At Interbike, they were also showing two new prototypes. The first was a 34.9mm version of their existing post for bikes such as the Evil Wreckoning and new Specialized Enduro. This post will be available in every length drop (including 200mm), as well as custom lengths in between.
9Point8 is close to releasing an externally routed version of their post. It uses a similar mechanism as their regular Fall Line, except the internals are housed in a small box on the exterior of the post. While it may not be the most aesthetically pleasing, it does make a 27.2 version possible.
9Point8 is also developing an externally routed version of the popular Fall Line post which is compatible with older frames and allows them to make a reliable 27.2 version. That's exciting news for anyone with a cross bike or older hardtail.
To learn more, visit www.9point8.ca.
Rohloff's internally geared hubs are expensive, but the legendary reliability makes them ideal for adventuring into remote places.
In the world of internally geared hubs, Rohloff is king. Their products are not cheap, but they're bulletproof. As a result, they're often the drivetrain of choice for riders setting off on around the world adventures.
The one issue that some customers had with the hubs is that the threaded sprockets were difficult to remove in remote locations. To make things easier, the German manufacturer has launched a new splined version that uses a snap ring to hold the sprocket in place.
The carbon belt drive hub will also use the new sprocket system, but the belt line will remain the same.
The new carrier still threads on, so it's retrofittable onto older hubs. The one caveat is the new system pushes the chain line out by 3mm, so it may cause clearance issues on bikes where the chain goes through the frame or with certain chain cases. Rohloff has more details on their website.
The Rohloff sprockets are designed to work best with derailleur chains. While single speeds are strong and cheap, they're don't last as long.
The sprockets are available in sizes 13-19 and 21. The smallest will retail for $53 and prices go up incrementally from there. Upgrading an existing hub to the new system will initially be more expensive than simply buying a threaded sprocket, but cheaper in the long run due to the lower prices on the new sprockets.
To learn more, visit www.rohloff.de.
Modern suspension forks use very little suspension fluid, so this 16oz serving should last most mechanics a few seasons.

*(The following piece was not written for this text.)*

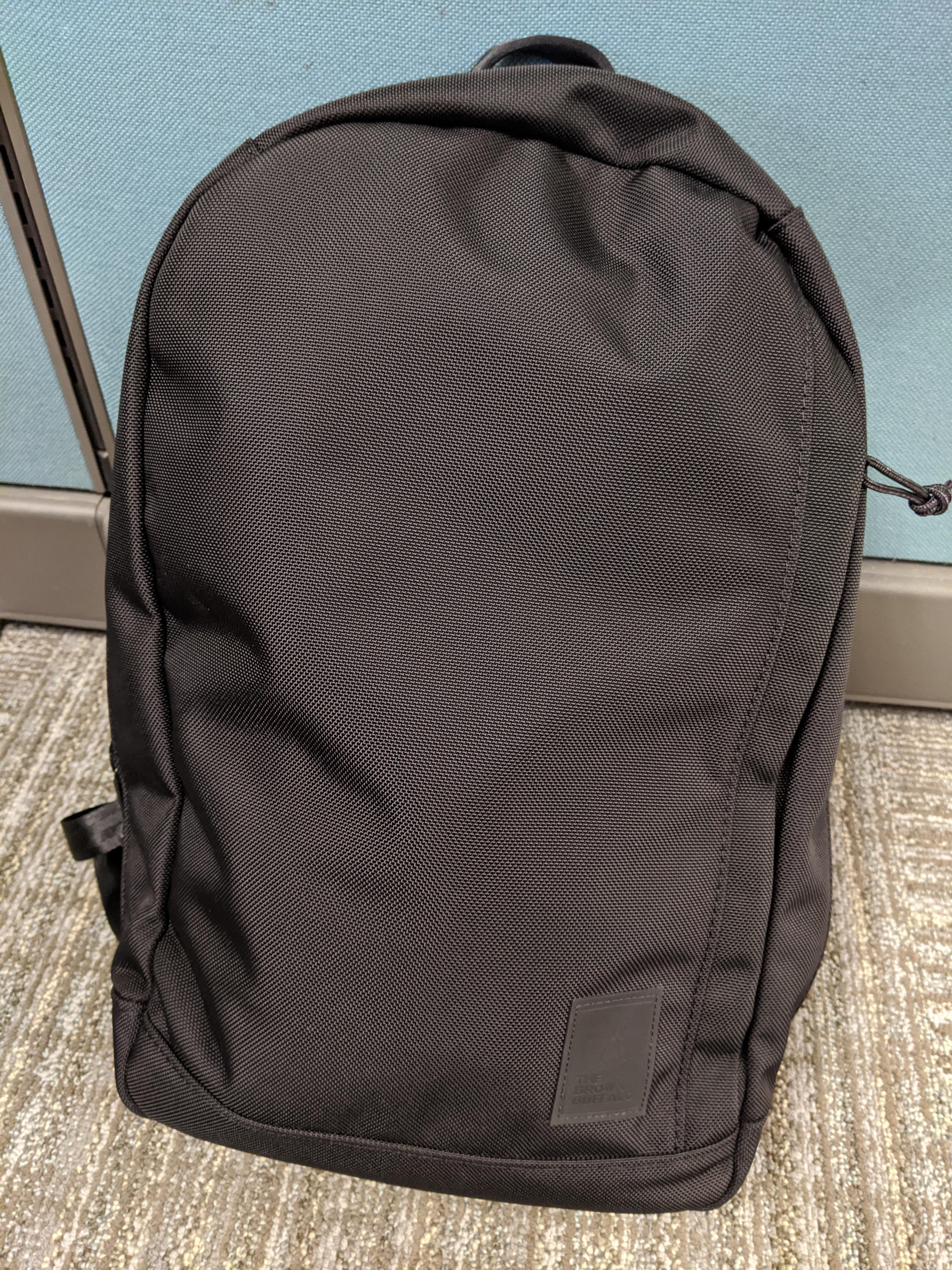 After five months.. Finally chose a backpack. r/backpacks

Maxima was showcasing a new suspension fluid specifically designed for MTB usage. Their previous products were designed for power sports, which have different needs.
If you're still running an older fork with an open bath system, you might want to check out the gallon sized offerings.
The fluid is designed for use in both forks and shocks is available by the pint for $13. A gallon of the stuff retails for $90. It comes in 3,5,7 and 10 weight.